■ PROMPT
Reproduce word for word the lines between those holding "New 2026 GMC" and "iPhone 15 128 GB – Svart – Helt ny", inclusive, and nothing else from the data below.

───── RECORDS FOR THE EXERCISE ─────

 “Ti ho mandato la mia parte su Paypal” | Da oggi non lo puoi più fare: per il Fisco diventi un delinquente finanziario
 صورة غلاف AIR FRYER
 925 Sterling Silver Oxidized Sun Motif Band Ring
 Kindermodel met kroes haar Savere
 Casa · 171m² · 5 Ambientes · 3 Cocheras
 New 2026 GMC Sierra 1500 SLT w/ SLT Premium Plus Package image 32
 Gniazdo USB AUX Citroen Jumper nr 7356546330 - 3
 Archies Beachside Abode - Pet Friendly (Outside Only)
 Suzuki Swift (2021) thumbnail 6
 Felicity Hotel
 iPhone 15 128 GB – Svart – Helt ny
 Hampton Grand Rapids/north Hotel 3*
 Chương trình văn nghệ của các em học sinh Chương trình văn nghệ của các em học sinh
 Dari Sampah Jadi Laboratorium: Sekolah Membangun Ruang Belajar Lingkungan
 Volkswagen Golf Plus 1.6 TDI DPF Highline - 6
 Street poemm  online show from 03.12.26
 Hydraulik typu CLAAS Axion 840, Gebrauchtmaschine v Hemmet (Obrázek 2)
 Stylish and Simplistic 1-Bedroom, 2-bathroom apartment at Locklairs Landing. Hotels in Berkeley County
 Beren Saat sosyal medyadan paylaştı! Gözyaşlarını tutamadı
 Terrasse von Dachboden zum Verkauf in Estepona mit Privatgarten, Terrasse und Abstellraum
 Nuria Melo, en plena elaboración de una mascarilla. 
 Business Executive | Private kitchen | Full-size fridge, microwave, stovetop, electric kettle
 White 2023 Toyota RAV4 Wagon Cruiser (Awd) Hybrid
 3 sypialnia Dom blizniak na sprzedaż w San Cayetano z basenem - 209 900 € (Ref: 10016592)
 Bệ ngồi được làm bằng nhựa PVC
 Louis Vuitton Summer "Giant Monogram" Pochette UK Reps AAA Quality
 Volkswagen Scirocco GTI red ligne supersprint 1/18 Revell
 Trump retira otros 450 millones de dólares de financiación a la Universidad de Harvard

─────

■ OUTPUT OF THE EXERCISE
 New 2026 GMC Sierra 1500 SLT w/ SLT Premium Plus Package image 32
 Gniazdo USB AUX Citroen Jumper nr 7356546330 - 3
 Archies Beachside Abode - Pet Friendly (Outside Only)
 Suzuki Swift (2021) thumbnail 6
 Felicity Hotel
 iPhone 15 128 GB – Svart – Helt ny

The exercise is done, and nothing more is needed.